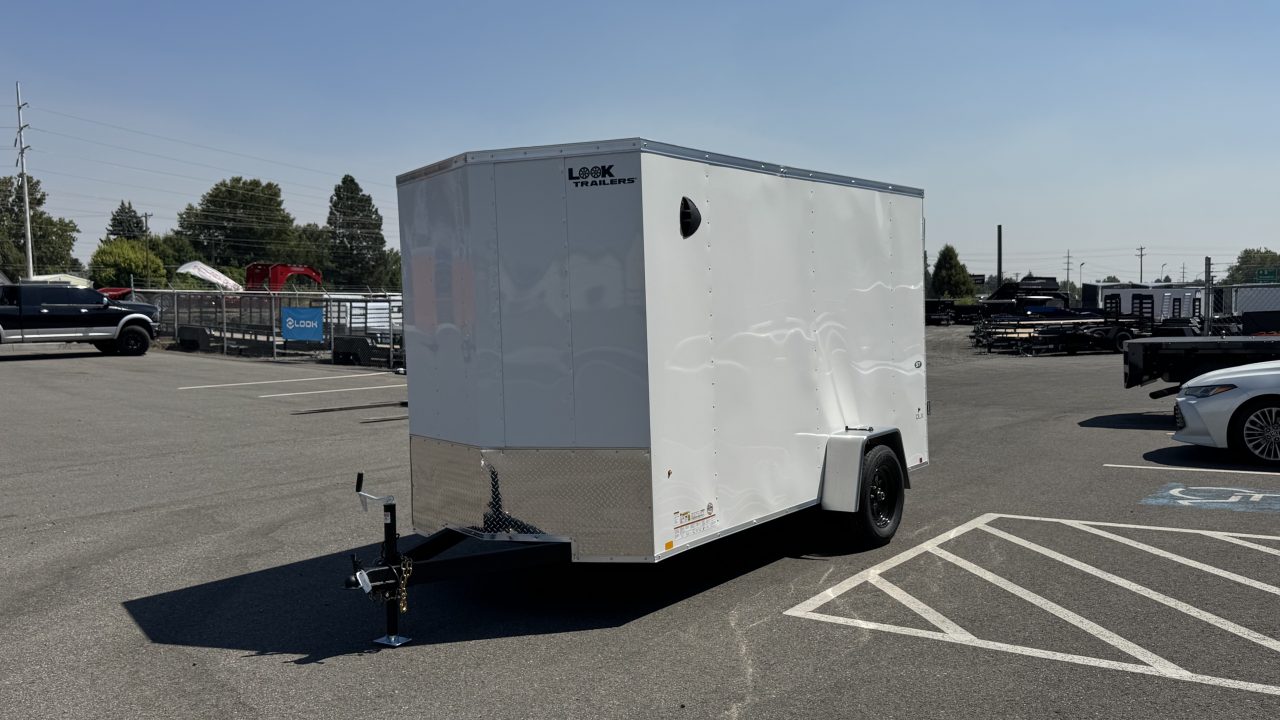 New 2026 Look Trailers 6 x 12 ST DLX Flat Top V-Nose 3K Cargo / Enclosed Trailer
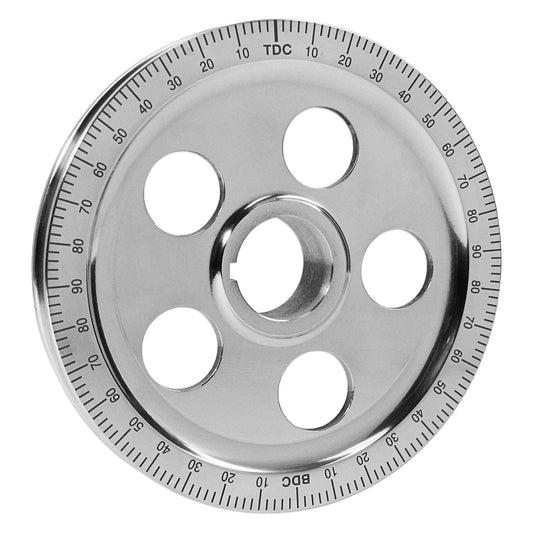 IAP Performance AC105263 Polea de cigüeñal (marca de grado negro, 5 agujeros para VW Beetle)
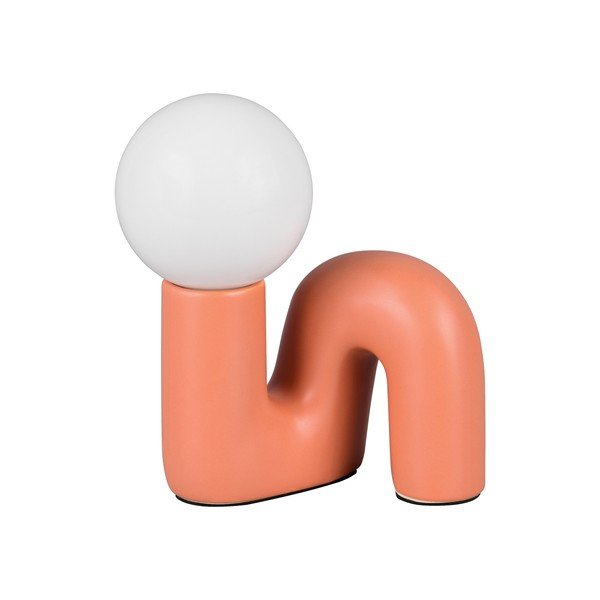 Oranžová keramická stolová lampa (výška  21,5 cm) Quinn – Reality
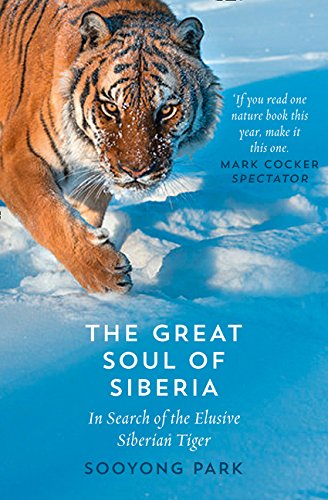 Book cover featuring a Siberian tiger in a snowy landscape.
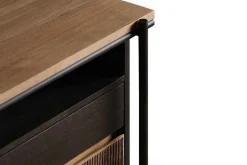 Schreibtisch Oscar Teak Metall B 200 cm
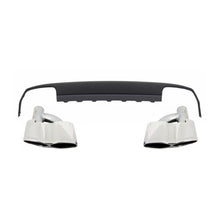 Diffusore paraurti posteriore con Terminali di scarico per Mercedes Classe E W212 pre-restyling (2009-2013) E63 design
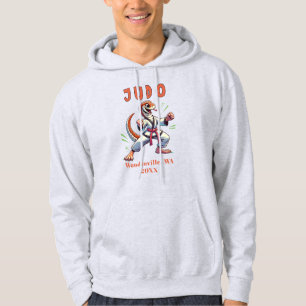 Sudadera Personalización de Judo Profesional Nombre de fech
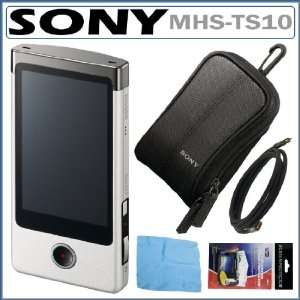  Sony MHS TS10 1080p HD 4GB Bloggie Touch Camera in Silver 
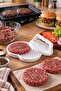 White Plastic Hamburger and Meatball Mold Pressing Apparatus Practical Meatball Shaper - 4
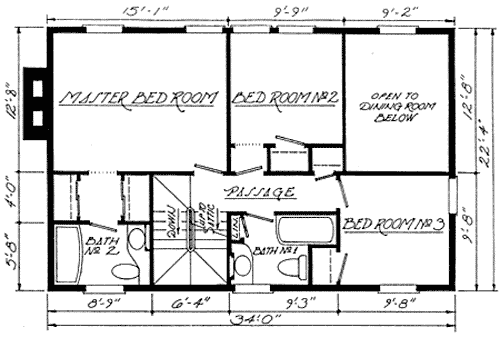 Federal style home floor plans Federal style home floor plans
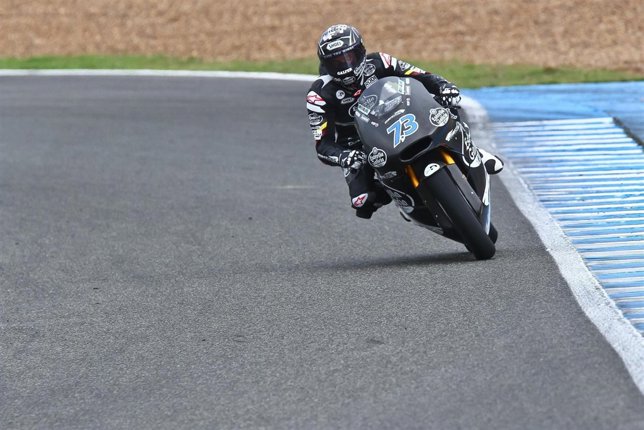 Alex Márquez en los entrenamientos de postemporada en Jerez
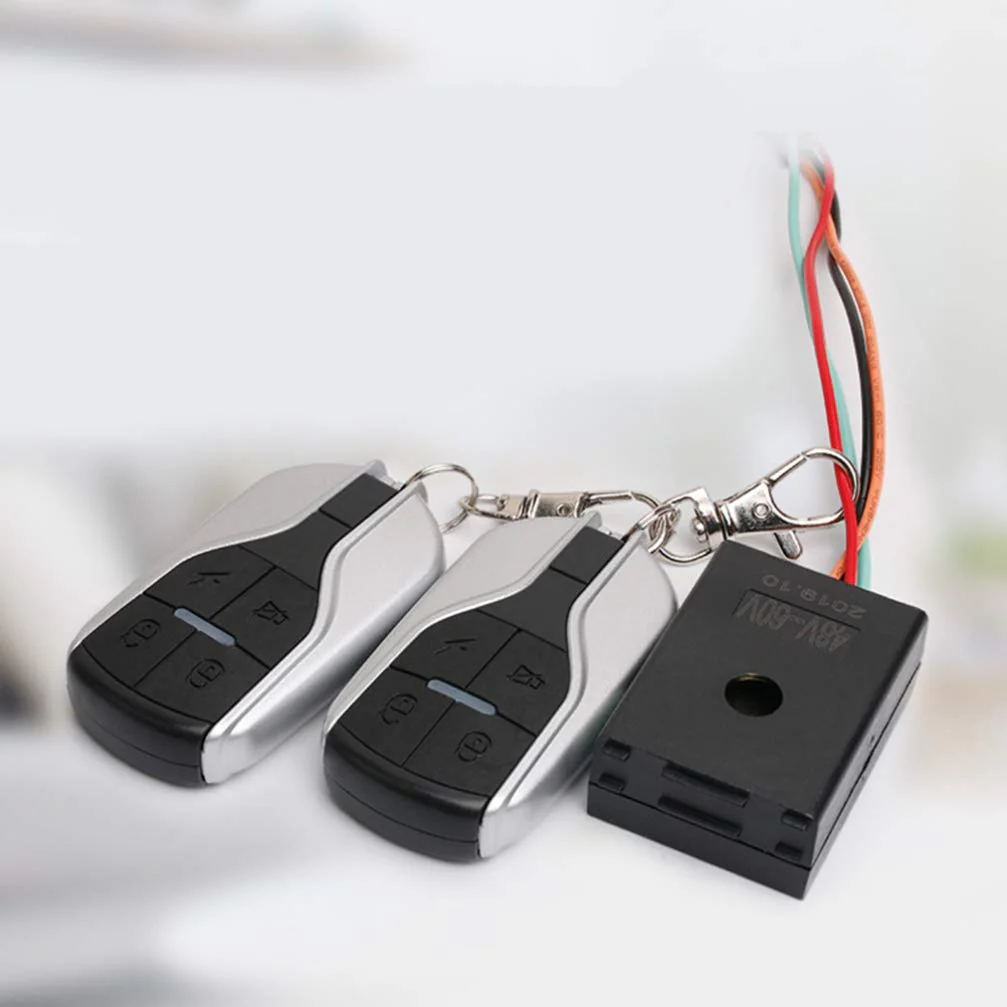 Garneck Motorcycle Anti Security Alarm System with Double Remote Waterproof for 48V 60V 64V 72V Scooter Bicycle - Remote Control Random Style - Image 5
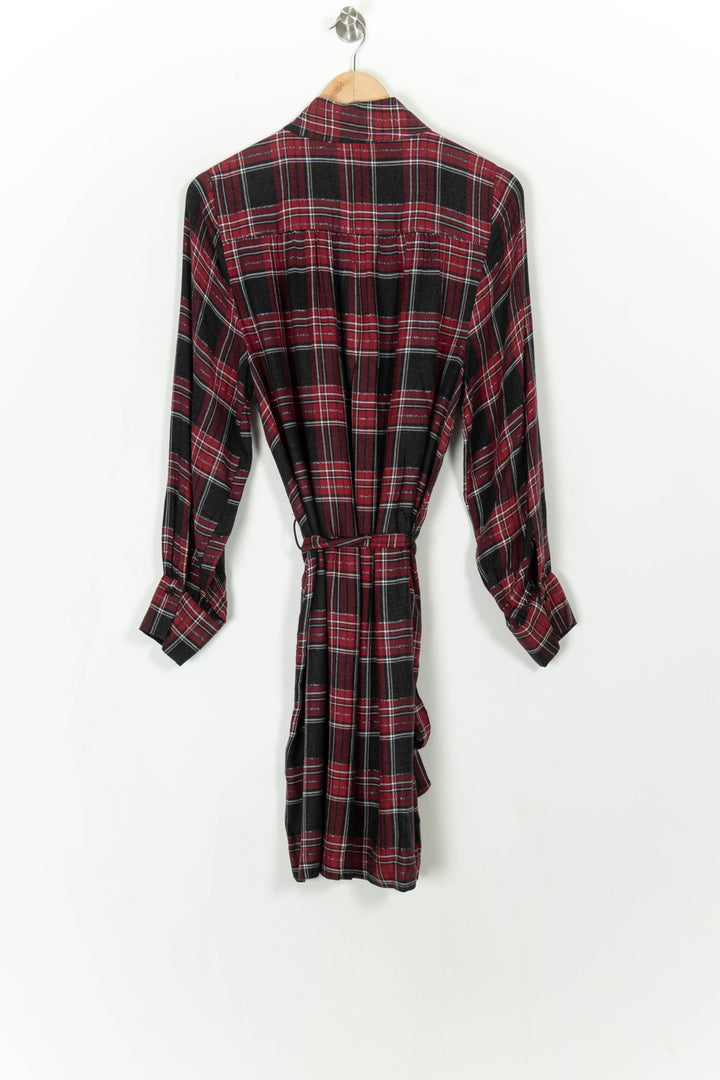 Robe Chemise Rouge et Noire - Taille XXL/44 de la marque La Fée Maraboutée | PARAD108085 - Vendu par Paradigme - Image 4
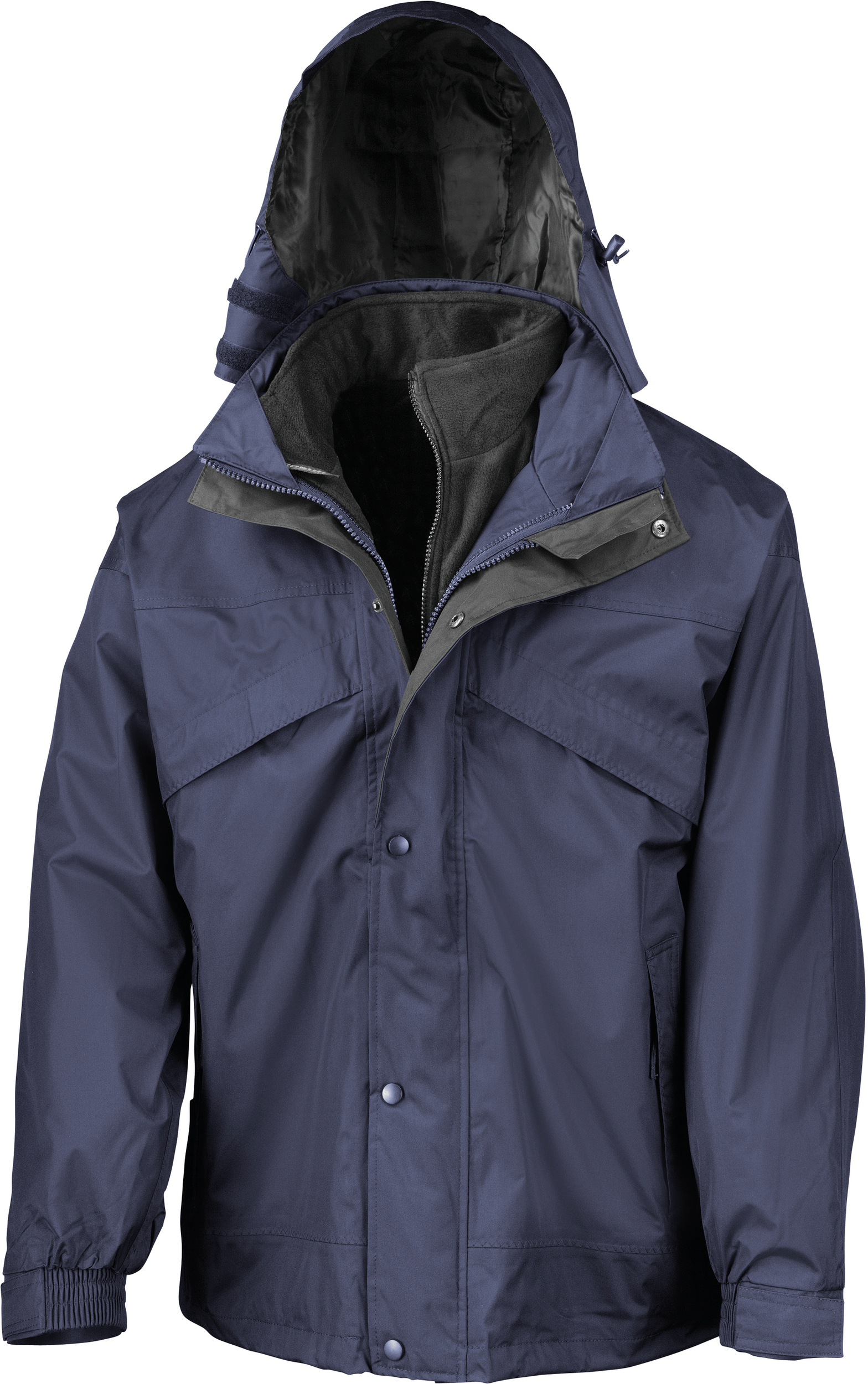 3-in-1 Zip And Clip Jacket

____

**ACTIVITY:** Repeat the entries above exactly and skip the images.

**TASK OUTPUT:**
 New 2026 Look Trailers 6 x 12 ST DLX Flat Top V-Nose 3K Cargo / Enclosed Trailer
 IAP Performance AC105263 Polea de cigüeñal (marca de grado negro, 5 agujeros para VW Beetle)
 Oranžová keramická stolová lampa (výška  21,5 cm) Quinn – Reality
 Book cover featuring a Siberian tiger in a snowy landscape.
 Schreibtisch Oscar Teak Metall B 200 cm
 Diffusore paraurti posteriore con Terminali di scarico per Mercedes Classe E W212 pre-restyling (2009-2013) E63 design
 Sudadera Personalización de Judo Profesional Nombre de fech
  Sony MHS TS10 1080p HD 4GB Bloggie Touch Camera in Silver 
 White Plastic Hamburger and Meatball Mold Pressing Apparatus Practical Meatball Shaper - 4
 Federal style home floor plans Federal style home floor plans
 Alex Márquez en los entrenamientos de postemporada en Jerez
 Garneck Motorcycle Anti Security Alarm System with Double Remote Waterproof for 48V 60V 64V 72V Scooter Bicycle - Remote Control Random Style - Image 5
 Robe Chemise Rouge et Noire - Taille XXL/44 de la marque La Fée Maraboutée | PARAD108085 - Vendu par Paradigme - Image 4
 3-in-1 Zip And Clip Jacket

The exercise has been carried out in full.